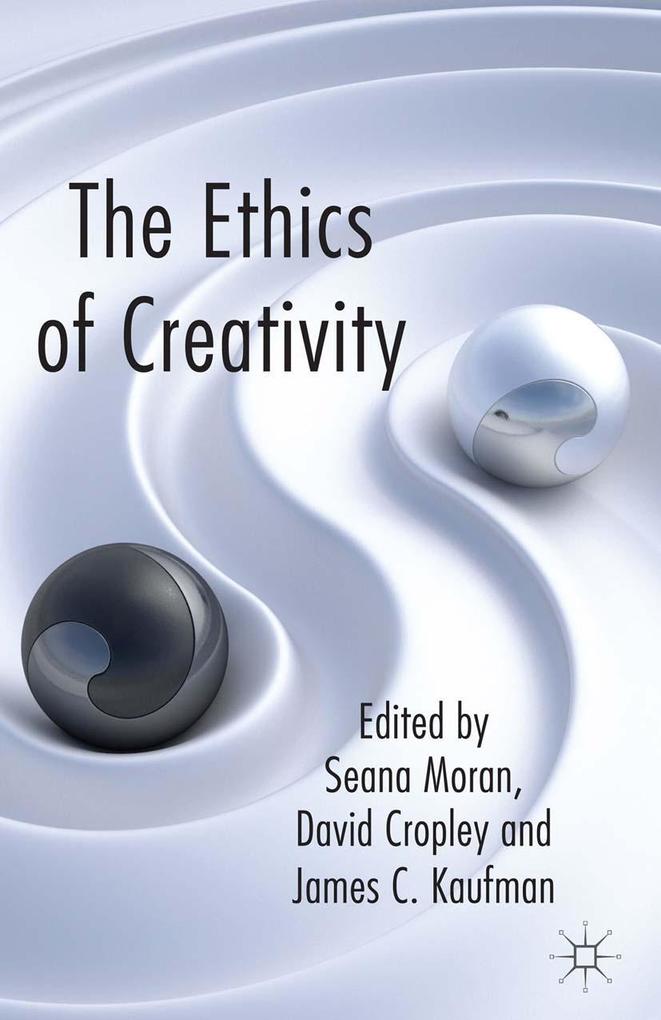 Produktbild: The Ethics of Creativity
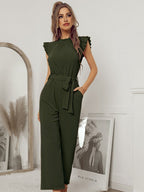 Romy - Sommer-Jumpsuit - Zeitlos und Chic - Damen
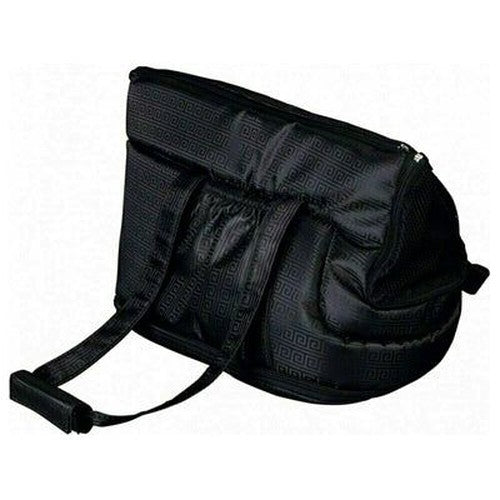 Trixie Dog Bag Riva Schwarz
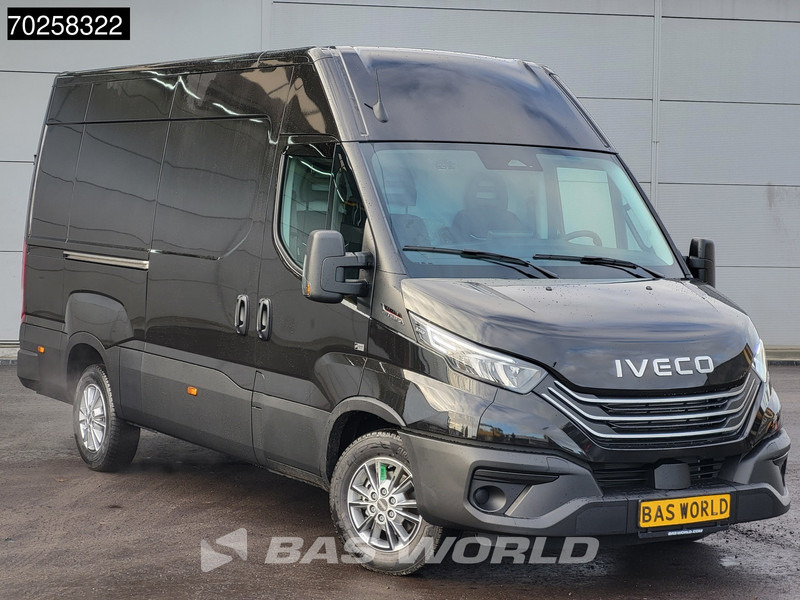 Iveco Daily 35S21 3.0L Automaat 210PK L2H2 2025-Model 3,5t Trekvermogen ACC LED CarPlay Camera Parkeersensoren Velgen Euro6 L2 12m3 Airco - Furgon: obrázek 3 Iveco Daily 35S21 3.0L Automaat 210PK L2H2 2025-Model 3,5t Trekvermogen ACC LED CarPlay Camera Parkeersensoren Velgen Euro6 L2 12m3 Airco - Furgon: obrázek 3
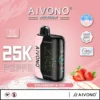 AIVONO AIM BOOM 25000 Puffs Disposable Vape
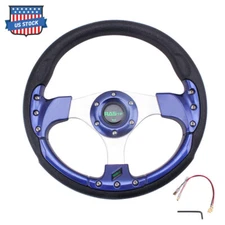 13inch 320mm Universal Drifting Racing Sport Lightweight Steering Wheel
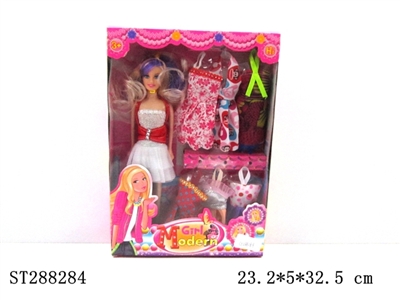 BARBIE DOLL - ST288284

* * * *

=== Problem to work on ===
Leave the pictures out. Output exactly, and only, the lines from the one with "obrázek 3 Iveco" through the last line of the listing above, both included.

=== Result for this task ===
 Iveco Daily 35S21 3.0L Automaat 210PK L2H2 2025-Model 3,5t Trekvermogen ACC LED CarPlay Camera Parkeersensoren Velgen Euro6 L2 12m3 Airco - Furgon: obrázek 3 Iveco Daily 35S21 3.0L Automaat 210PK L2H2 2025-Model 3,5t Trekvermogen ACC LED CarPlay Camera Parkeersensoren Velgen Euro6 L2 12m3 Airco - Furgon: obrázek 3
 AIVONO AIM BOOM 25000 Puffs Disposable Vape
 13inch 320mm Universal Drifting Racing Sport Lightweight Steering Wheel
 BARBIE DOLL - ST288284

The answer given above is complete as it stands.